» **PROVIDED DATA**
•••
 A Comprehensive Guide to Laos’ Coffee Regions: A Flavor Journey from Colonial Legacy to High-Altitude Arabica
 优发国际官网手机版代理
•••
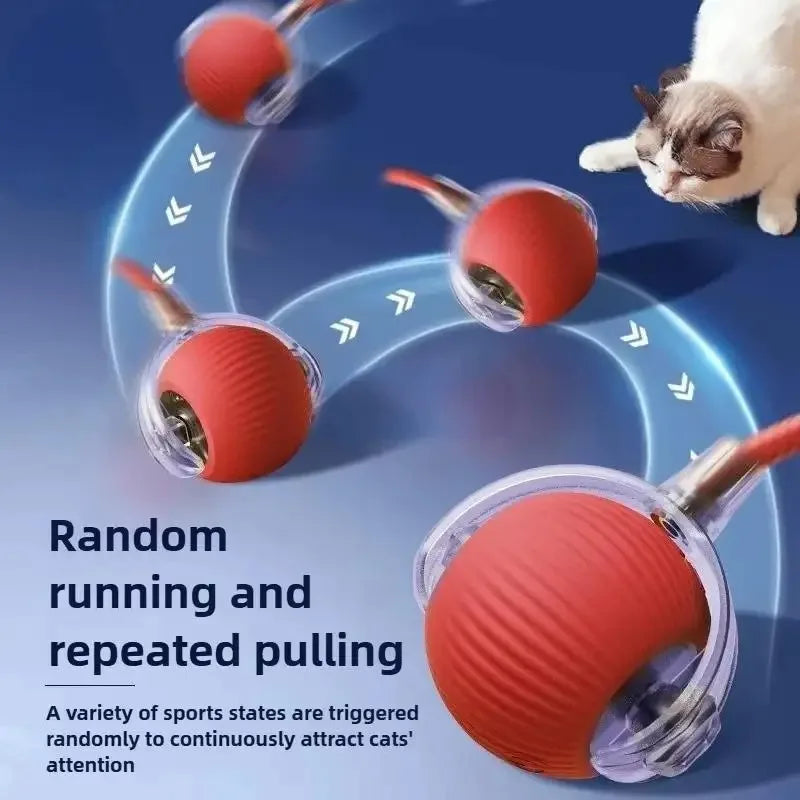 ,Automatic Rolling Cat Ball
•••
» **EXERCISE AIM**
From the records above, print exactly the lines that run from the line with "A Comprehensive Guide" to the line with "优发国际官网手机版代理", inclusive.

» **ANSWER BOX**
 A Comprehensive Guide to Laos’ Coffee Regions: A Flavor Journey from Colonial Legacy to High-Altitude Arabica
 优发国际官网手机版代理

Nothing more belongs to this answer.